**Problem description:** In the records below, the line containing "Item preview, Ace" marks the start. Copy that line and everything after it exactly, through the last line.

### Exercise data ###

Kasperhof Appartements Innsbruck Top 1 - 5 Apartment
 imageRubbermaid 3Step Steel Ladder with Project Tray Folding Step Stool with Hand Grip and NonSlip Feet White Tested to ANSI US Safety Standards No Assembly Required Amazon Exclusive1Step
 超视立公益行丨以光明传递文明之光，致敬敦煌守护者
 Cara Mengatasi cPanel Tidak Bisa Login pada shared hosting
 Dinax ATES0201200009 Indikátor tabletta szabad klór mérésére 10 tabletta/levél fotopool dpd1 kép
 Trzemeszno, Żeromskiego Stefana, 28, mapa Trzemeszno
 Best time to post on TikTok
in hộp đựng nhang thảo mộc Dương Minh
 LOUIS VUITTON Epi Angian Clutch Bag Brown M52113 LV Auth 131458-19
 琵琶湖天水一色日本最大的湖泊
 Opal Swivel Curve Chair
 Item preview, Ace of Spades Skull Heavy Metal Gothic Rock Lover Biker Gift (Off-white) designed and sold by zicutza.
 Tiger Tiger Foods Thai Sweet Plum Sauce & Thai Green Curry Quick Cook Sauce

###

**Response:**
 Item preview, Ace of Spades Skull Heavy Metal Gothic Rock Lover Biker Gift (Off-white) designed and sold by zicutza.
 Tiger Tiger Foods Thai Sweet Plum Sauce & Thai Green Curry Quick Cook Sauce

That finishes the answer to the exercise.